Lucas J. Butkus (born June 26, 1979) is an American football coach and former center who is the offensive line coach for the Green Bay Packers of the National Football League (NFL). He previously served as an assistant coach for the Illinois Fighting Illini, Jacksonville Jaguars, Seattle Seahawks and the Oregon Ducks.

Butkus played college football at the University of Illinois and was signed by the Chicago Bears as an undrafted free agent in 2002. He has also played for the Rhein Fire, San Diego Chargers and Cologne Centurions.

==Playing career==

He attended training camp with the Bears in 2002 and the San Diego Chargers in 2003. Butkus also played center for the Rhein Fire (2003) and Cologne Centurions (2004) of NFL Europe. He attended Bloom Trail High School in Chicago Heights, Illinois and the University of Illinois.

Pre-draft measurables
| Height | Weight |
| 6 ft 2+7⁄8 in (1.90 m) | 291 lb (132 kg) |
All values from Pro Day

==Coaching career==
===Oregon===
In 2005, Butkus began his coaching career at the University of Oregon as a graduate assistant coach. He would serve in this position until 2006.

===Chicago Bears===
In 2007, Butkus was hired by the Chicago Bears as an offensive assistant and assistant offensive line coach under head coach Lovie Smith.

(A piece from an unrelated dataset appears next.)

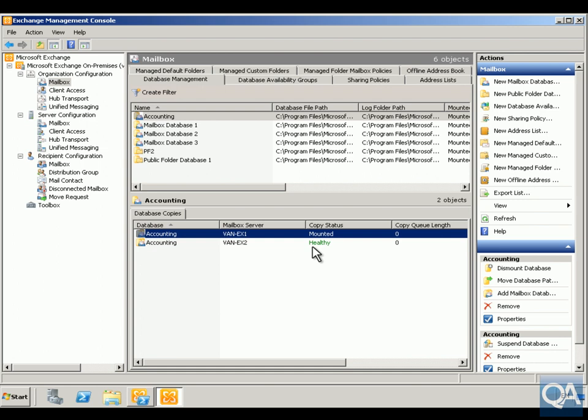We're going to take it out of production and allow it to still be updated, but we're going to keep it a week behind just in case the primary database does corrupt. To do that we need to go to the Exchange Management Shell.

While the announcement that the tenure of quality control coaches Butkus and Charles London would end came on the same day as the public learned that several Bears' offensive coaches would be fired, leading to speculation that London and Butkus were fired for performance issues, the team would later clarify that the quality control coaches were signed to contracts set to expire after the 2009/10 season, regardless of the team's final standing.

===Seattle Seahawks===
On February 1, 2010, Butkus was hired by the Seattle Seahawks as their assistant offensive line coach under head coach Pete Carroll.

===Illinois===
In 2012, joined his alma mater, the University of Illinois under head coach Tim Beckman.

===Jacksonville Jaguars===
In 2013, Butkus was hired by the Jacksonville Jaguars as their assistant offensive line coach under head coach Gus Bradley.

===Illinois (second stint)===
In 2016, Butkus returned to the University of Illinois as their offensive line coach, reuniting with head coach Lovie Smith.

===Green Bay Packers===
On February 7, 2019, Butkus was hired by the Green Bay Packers as their assistant offensive line coach under head coach Matt LaFleur.

On January 30, 2022, Butkus was promoted to offensive line coach following Adam Stenavich's promotion to offensive coordinator.

==Personal life==
Butkus is the nephew of Pro Football Hall of Fame linebacker Dick Butkus.